Content Moderation

Moderate user-generated content using Vettly's AI-powered content moderation API. This skill uses the @vettly/mcp MCP server to check text, images, and video against configurable moderation policies with auditable decisions.

Setup

Add the @vettly/mcp MCP server to your configuration:

CODEBLOCK0

Get an API key at vettly.dev.

Available Tools

`moderate_content`

Check text, image, or video content against a Vettly moderation policy. Returns a safety assessment with category scores, the action taken, provider used, latency, and cost.

Parameters:

- content (required) - The content to moderate (text string, or URL for images/video)
INLINECODE4 (required) - The policy ID to use for moderation
INLINECODE5 (optional, default: text) - Type of content: text, image, or INLINECODE9

`validate_policy`

Validate a Vettly policy YAML without saving it. Returns validation results with any syntax or configuration errors. Use this to test policy changes before deploying them.

Parameters:

- yamlContent (required) - The YAML policy content to validate

`list_policies`

List all moderation policies available in your Vettly account.
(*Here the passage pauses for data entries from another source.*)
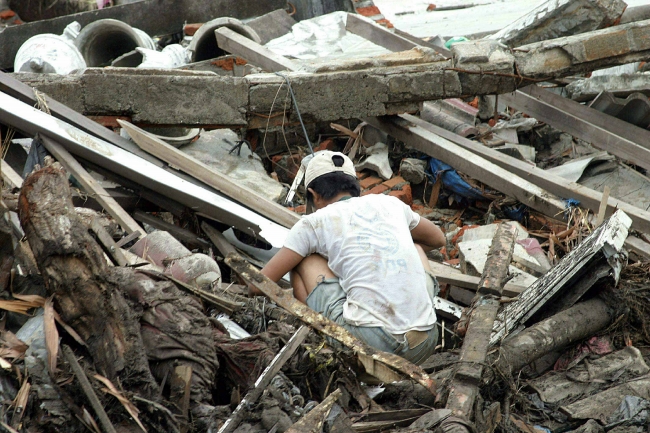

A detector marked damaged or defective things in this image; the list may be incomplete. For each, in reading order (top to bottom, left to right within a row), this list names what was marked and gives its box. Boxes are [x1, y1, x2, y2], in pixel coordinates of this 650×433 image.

splintered wood plank [216, 26, 300, 72]
broken concrete block [488, 0, 624, 47]
splintered wood plank [40, 135, 144, 236]
splintered wood plank [119, 119, 298, 230]
broken concrete block [181, 128, 284, 202]
broken concrete block [352, 142, 392, 179]
splintered wood plank [224, 253, 436, 394]
splintered wood plank [492, 208, 628, 346]
splintered wood plank [218, 324, 308, 432]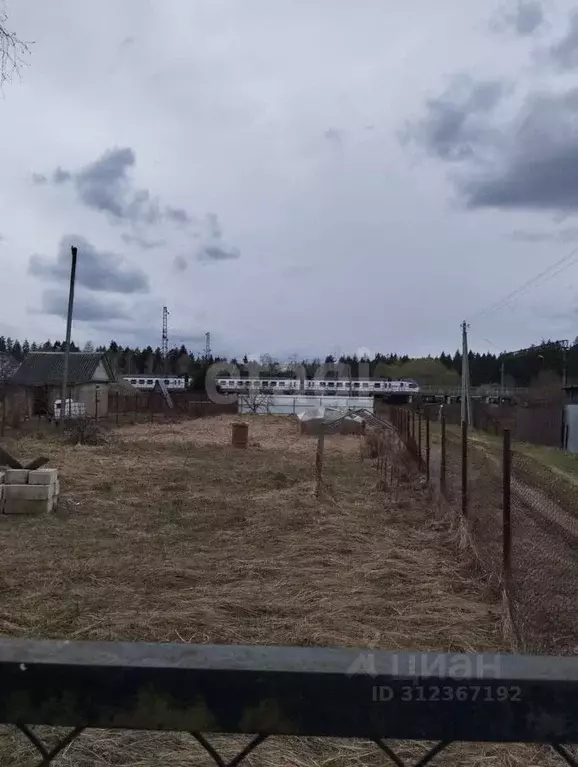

Takes no parameters. Use this to discover available policy IDs before moderating content.

`get_usage_stats`

Get usage statistics for your Vettly account including request counts, costs, and moderation outcomes.

Parameters:

- days (optional, default: 30) - Number of days to include in statistics (1-365)

`get_recent_decisions`

Get recent moderation decisions with optional filtering by outcome, content type, or policy.

Parameters:

- limit (optional, default: 10) - Number of decisions to return (1-50)
INLINECODE19 (optional) - Filter to only flagged content (true) or safe content (false)
INLINECODE22 (optional) - Filter by specific policy ID
INLINECODE23 (optional) - Filter by content type: text, image, or INLINECODE26

When to Use

- Moderate user-generated content (comments, posts, uploads) before publishing
Test and validate moderation policy YAML configs during development
Audit recent moderation decisions to review flagged content
Monitor moderation costs and usage across your account
Compare moderation results across different policies

Examples

Moderate a user comment

CODEBLOCK1

Call list_policies to find available policies, then moderate_content with the appropriate policy ID and return the safety assessment.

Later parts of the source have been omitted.